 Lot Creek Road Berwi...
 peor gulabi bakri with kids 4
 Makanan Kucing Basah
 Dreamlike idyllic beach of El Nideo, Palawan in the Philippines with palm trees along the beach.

## Problem requirements
The lines beginning with the one that holds "Makanan Kucing Basah" and ending with the last line of the data above are to be reproduced exactly, and nothing else.

## Answer to the problem
 Makanan Kucing Basah
 Dreamlike idyllic beach of El Nideo, Palawan in the Philippines with palm trees along the beach.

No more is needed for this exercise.